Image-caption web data
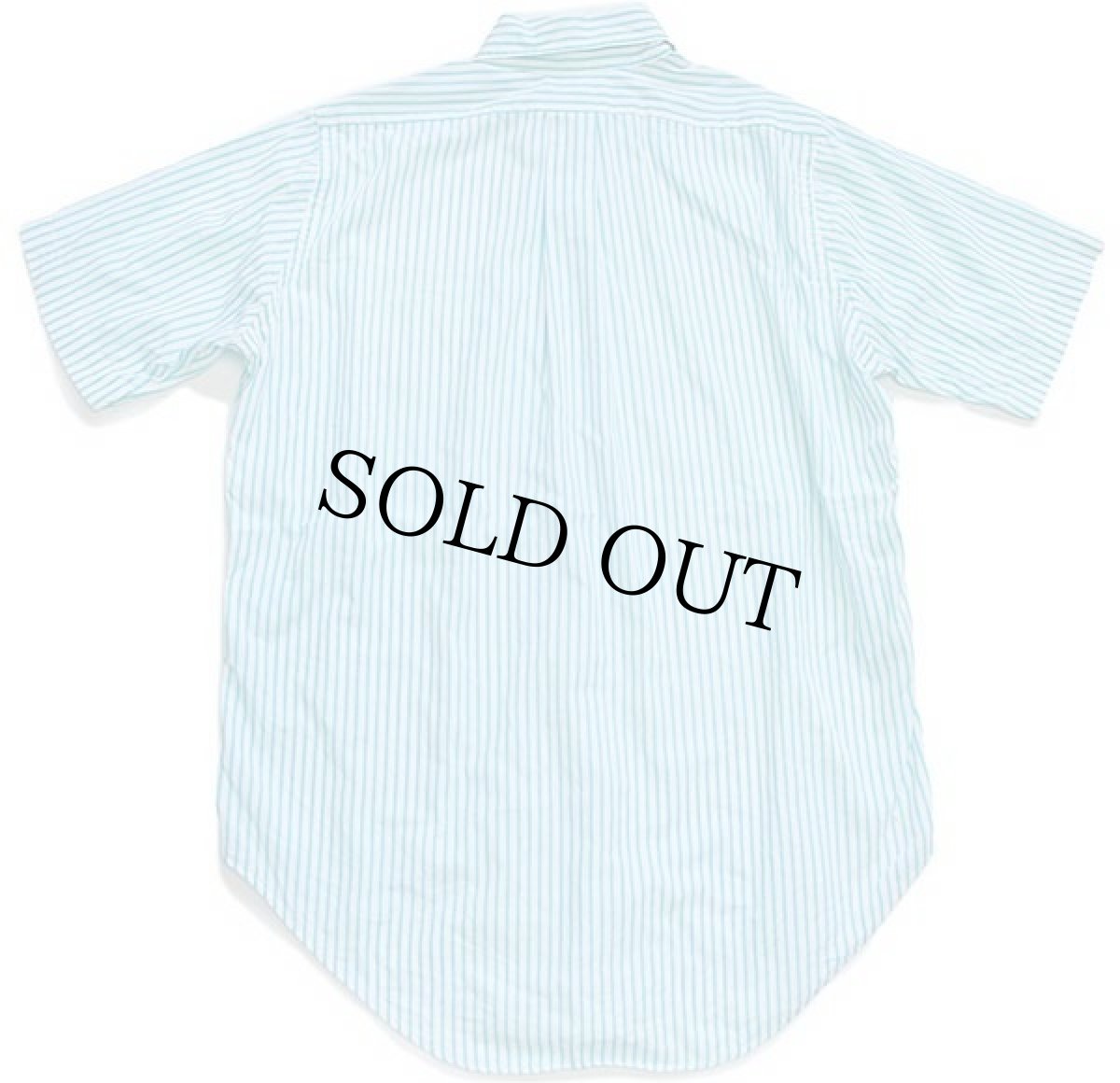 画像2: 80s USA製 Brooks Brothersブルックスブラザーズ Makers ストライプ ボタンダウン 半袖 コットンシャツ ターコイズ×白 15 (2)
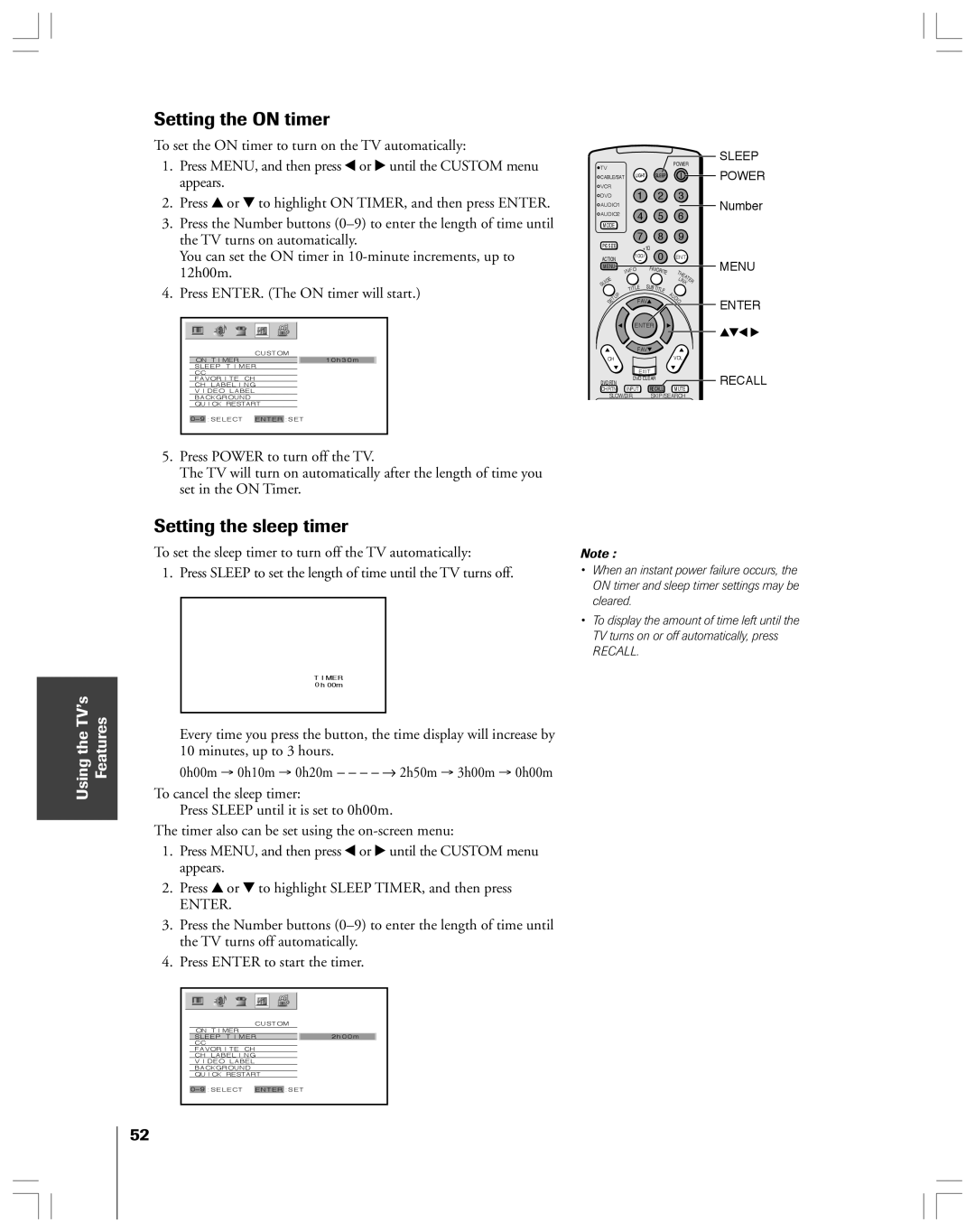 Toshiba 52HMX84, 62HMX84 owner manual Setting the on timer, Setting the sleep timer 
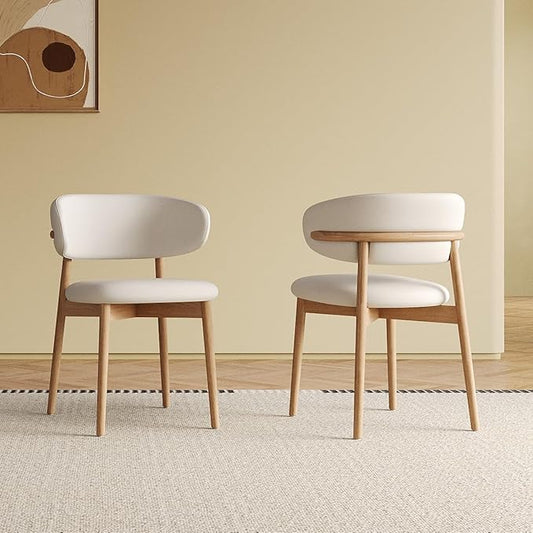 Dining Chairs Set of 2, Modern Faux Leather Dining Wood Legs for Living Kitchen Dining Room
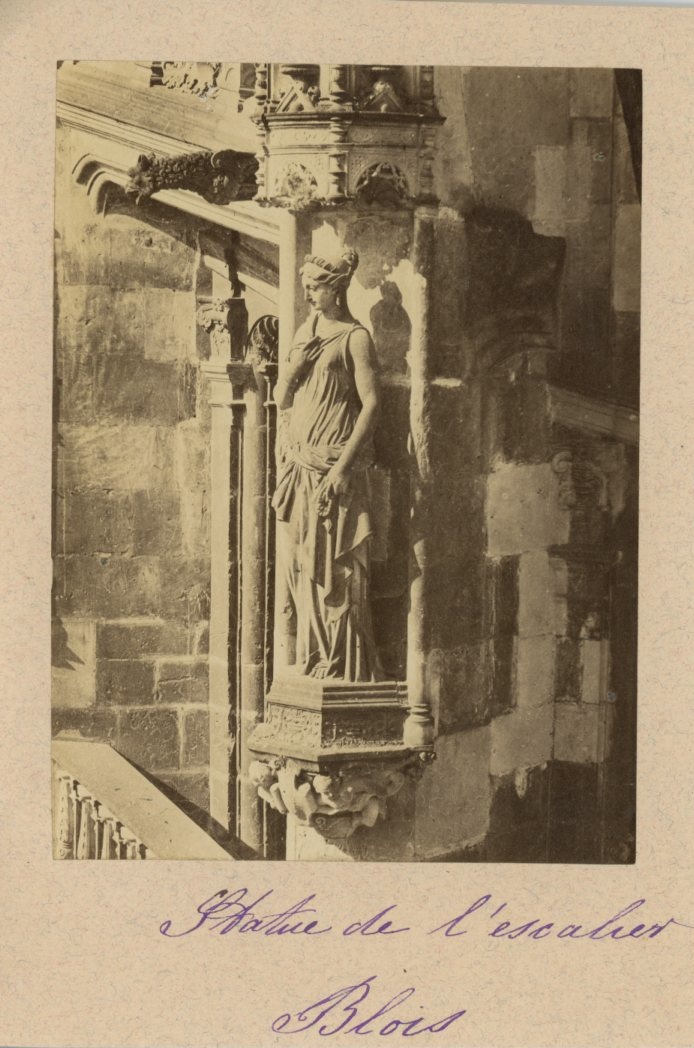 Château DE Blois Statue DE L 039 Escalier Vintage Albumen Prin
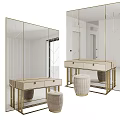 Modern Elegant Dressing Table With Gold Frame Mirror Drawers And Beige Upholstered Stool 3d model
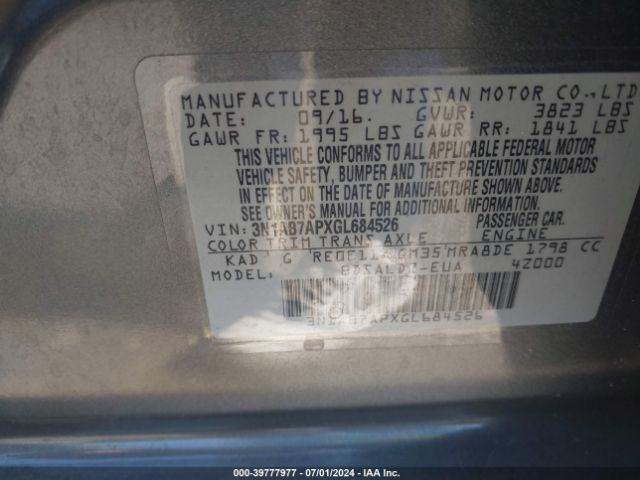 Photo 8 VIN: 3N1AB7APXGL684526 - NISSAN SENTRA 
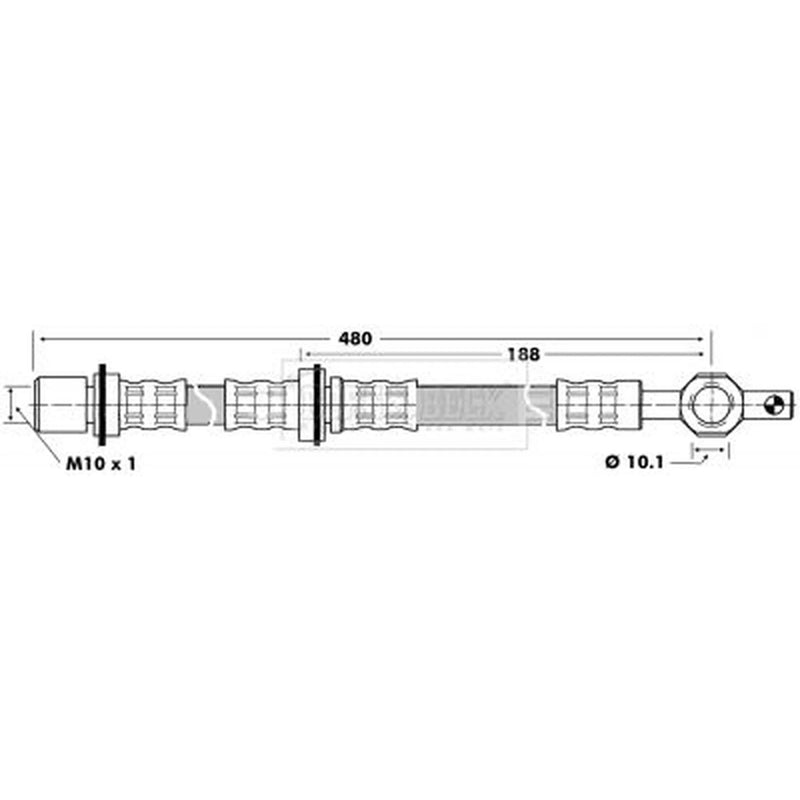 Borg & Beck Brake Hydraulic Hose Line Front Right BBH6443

* WHAT THIS TASK INVOLVES: Leaving the pictures out, reproduce the entries above exactly.

* TASK ANSWER:
 画像2: 80s USA製 Brooks Brothersブルックスブラザーズ Makers ストライプ ボタンダウン 半袖 コットンシャツ ターコイズ×白 15 (2)
 Toshiba 52HMX84, 62HMX84 owner manual Setting the on timer, Setting the sleep timer 
 Dining Chairs Set of 2, Modern Faux Leather Dining Wood Legs for Living Kitchen Dining Room
 Château DE Blois Statue DE L 039 Escalier Vintage Albumen Prin
 Modern Elegant Dressing Table With Gold Frame Mirror Drawers And Beige Upholstered Stool 3d model
 Photo 8 VIN: 3N1AB7APXGL684526 - NISSAN SENTRA 
 Borg & Beck Brake Hydraulic Hose Line Front Right BBH6443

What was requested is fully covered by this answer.